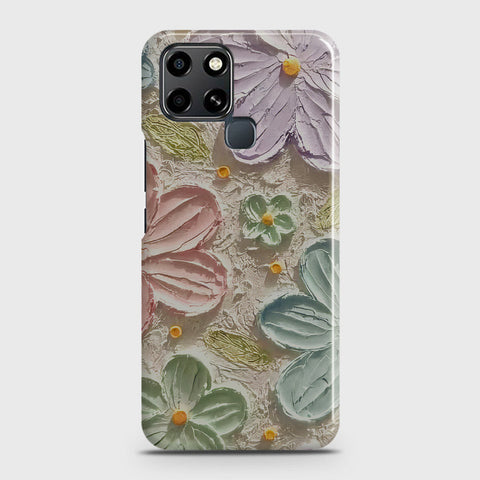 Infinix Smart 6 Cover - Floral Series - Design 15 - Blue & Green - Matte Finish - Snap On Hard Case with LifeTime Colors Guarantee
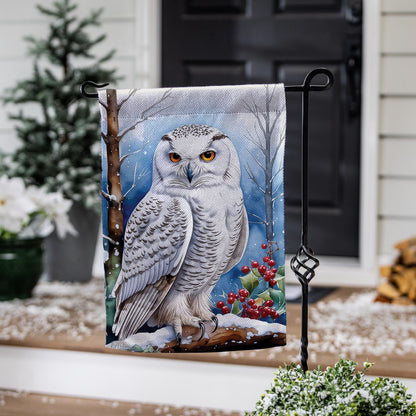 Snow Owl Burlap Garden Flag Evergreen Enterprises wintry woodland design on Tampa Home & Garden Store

☆ ☆ ☆ ☆

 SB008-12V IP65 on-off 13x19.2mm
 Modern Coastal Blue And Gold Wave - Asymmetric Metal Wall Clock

☆ ☆ ☆ ☆

• [Exercise requirements]
Taking the records above, print only and exactly the lines from the line with "Infinix Smart 6" to the line with "Snow Owl Burlap", both kept, and exclude pictures.

• [Solution for this problem]
 Infinix Smart 6 Cover - Floral Series - Design 15 - Blue & Green - Matte Finish - Snap On Hard Case with LifeTime Colors Guarantee
 Snow Owl Burlap Garden Flag Evergreen Enterprises wintry woodland design on Tampa Home & Garden Store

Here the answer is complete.